By Shira Hanau
Israel announced Monday that it would reduce its restrictions on travel that were first put in place in November to delay the spread of the Omicron variant, but visitors from the United States are still barred from entering.
Starting Jan. 9, many fully vaccinated foreign travelers will be allowed enter the country again. But visitors from a number of countries deemed “red” due to high infection rates, including the United States and the United Kingdom, are still not allowed.
Israel recorded 6,562 new COVID cases on Sunday, the highest number recorded since September. The United States is experiencing a surge of hundreds of thousands of new cases per day.

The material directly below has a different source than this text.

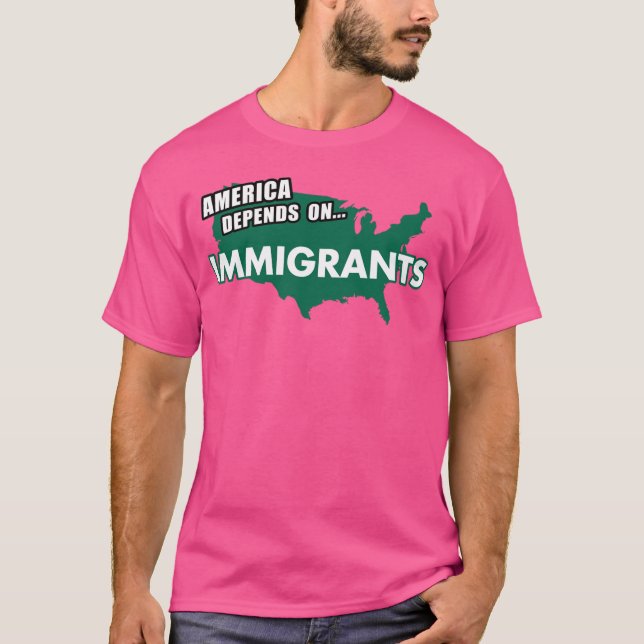 Camiseta A AMÉRICA Depende de Imigrantes (Frente)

The ban on foreign travelers has been a controversial issue in Israel in recent weeks. American immigrants to Israel have been especially vocal about the bans, which have kept their family members out of the country, even for lifecycle events such as weddings or the birth of a grandchild.
Israel’s Minister of Diaspora Affairs Nachman Shai said in a tweet Sunday that he raised the issue at a cabinet meeting and said Israeli Prime Minister Naftali Bennett committed to an imminent “easing of policies.”
The government has sent mixed messages. Israel’s Health Minister Nitzan Horowitz suggested that the spread of the Omicron variant should lead to an easing of travel restrictions.
“The moment infections are spreading, there is no point in stopping entry from abroad,” he told Kan, Israel’s public broadcaster, according to The Times of Israel.
Other countries that will continue to be designated as “red” include the United Arab Emirates, Tanzania, Ethiopia, Mexico, Switzerland and Turkey. Canada, France and South Africa, where the Omicron variant was first detected and where the wave of infections caused by the variant has eased, have been removed from the list.